On Thursday she had a fire in the incinerator. She burnt all the Essays, Exercises and Worksheets in alphabetical order: E-E-W.

#

On Friday morning moisture seemed to breathe into her skin. She cleaned the fridge out and washed the floors.

She brought the empty rubbish-bin around from the front and clamped the lid on it. She put the last of the kitchen garbage in the bin next door so it could go out next week instead of sitting in her bin and ponging till the next tenant came.

She turned the power off, propped the fridge door open with a chair, and locked the windows and house-doors.

In the car she looked at her mark-book: long and awkward, covered in bright purple paper because she was always losing it, “front” written on the front because she was always opening it upside down and front the back. She tore the purple paper off and scrawled her name across the back or front, shoved it into a brown padded post bag with her resignation and stapled the bag shut.
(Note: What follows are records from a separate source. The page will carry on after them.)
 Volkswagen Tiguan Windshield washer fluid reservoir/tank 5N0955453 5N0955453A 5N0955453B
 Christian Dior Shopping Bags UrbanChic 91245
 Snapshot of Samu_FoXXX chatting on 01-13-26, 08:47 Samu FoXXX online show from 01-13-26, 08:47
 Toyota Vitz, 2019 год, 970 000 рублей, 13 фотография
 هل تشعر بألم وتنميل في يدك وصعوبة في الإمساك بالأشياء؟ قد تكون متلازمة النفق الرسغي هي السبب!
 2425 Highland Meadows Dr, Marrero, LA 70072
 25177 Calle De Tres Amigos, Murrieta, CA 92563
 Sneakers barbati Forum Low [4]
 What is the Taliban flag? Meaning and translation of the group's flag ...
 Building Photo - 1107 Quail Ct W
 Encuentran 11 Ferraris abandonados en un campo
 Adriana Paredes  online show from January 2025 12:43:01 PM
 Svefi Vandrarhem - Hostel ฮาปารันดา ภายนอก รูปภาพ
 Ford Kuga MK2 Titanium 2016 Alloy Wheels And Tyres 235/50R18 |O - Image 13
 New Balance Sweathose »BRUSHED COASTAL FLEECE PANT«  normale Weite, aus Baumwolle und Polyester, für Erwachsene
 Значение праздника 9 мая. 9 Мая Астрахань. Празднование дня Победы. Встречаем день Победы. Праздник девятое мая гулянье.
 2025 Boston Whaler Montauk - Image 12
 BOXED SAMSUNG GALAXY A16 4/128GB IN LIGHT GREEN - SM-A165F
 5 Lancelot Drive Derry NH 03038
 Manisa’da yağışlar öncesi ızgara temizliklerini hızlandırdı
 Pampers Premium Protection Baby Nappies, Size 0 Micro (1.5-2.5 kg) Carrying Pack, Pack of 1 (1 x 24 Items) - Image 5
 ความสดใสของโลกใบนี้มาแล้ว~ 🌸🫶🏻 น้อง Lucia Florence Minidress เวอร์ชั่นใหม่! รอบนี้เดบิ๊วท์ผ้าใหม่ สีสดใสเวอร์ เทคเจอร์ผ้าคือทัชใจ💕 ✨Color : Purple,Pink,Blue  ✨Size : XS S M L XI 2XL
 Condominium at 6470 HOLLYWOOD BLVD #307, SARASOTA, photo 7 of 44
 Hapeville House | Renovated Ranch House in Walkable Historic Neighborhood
She posted the mark-book and resignation to school. She posted the house-key to the Regional Office.

She went to the bank and drew out all her money.

She had two thousand dollars. She took a bank cheque for eighteen hundred and put it and the cash into her purse.

She went to the Greek petrol station and got oil, water and petrol. She went to the shopping-centre and bought a box of Kleenex, a packet of cigarettes and a box of matches. She might smoke. She might turn out to be one of those women who sat all night in night-clubs and smoked, and had voices like Marlene Dietrich.

The Gulf was pale and grey as she drove past the headland. The sky ahead of her dimmed and it started to rain.

The windscreen immediately turned to mud. “Shit,” she said. But, she thought, as she took a deep breath and peered through the clearing smears, Henry Handel Richardson hadn’t gone on living there. Henry Handel Richardson had pissed off to bloody Germany, got married and never come back. And she, Marjorie Miller, was bloody going to Melbourne if she had to drive all seven hundred miles at three and a half bloody miles an hour, with a windscreen that looked as though she’d ploughed the whole bloody Nullarbor.

She crashed into water at the first Flash Flood sign. “I love a sunburnt country,” she intoned. Her left hand swept over the ochred plains beyond the empty seat next to her. “Girls, sound your r-r-r’s. Rrr-agged mountain rr-ranges, drrrought and flooding rrrains.

“Jesus,” she snorted. Anthems to bloody soil erosion. Let us now praise the absence of essentials.

She slowed down and snorted again. Not even Dorothea MacKellar and the sacred soil erosion problem were going to stop her now. There were only eighty or ninety more miles of gullies, no grass, no soil and no drainage, hydroplaning and electrical shorts to watch out for, and then she could go like a bat out of hell.

She turned the wipers on to full speed, and turned the headlights on. She fished out a fag and lit it. She might as well get some practice. She wasn’t doing anything with her left hand, and God only knew what she might be doing with her right next week.

She’d be in Melbourne before she even had to have the stitches out.

She grinned and opened the window a crack because the windscreen was fogging up.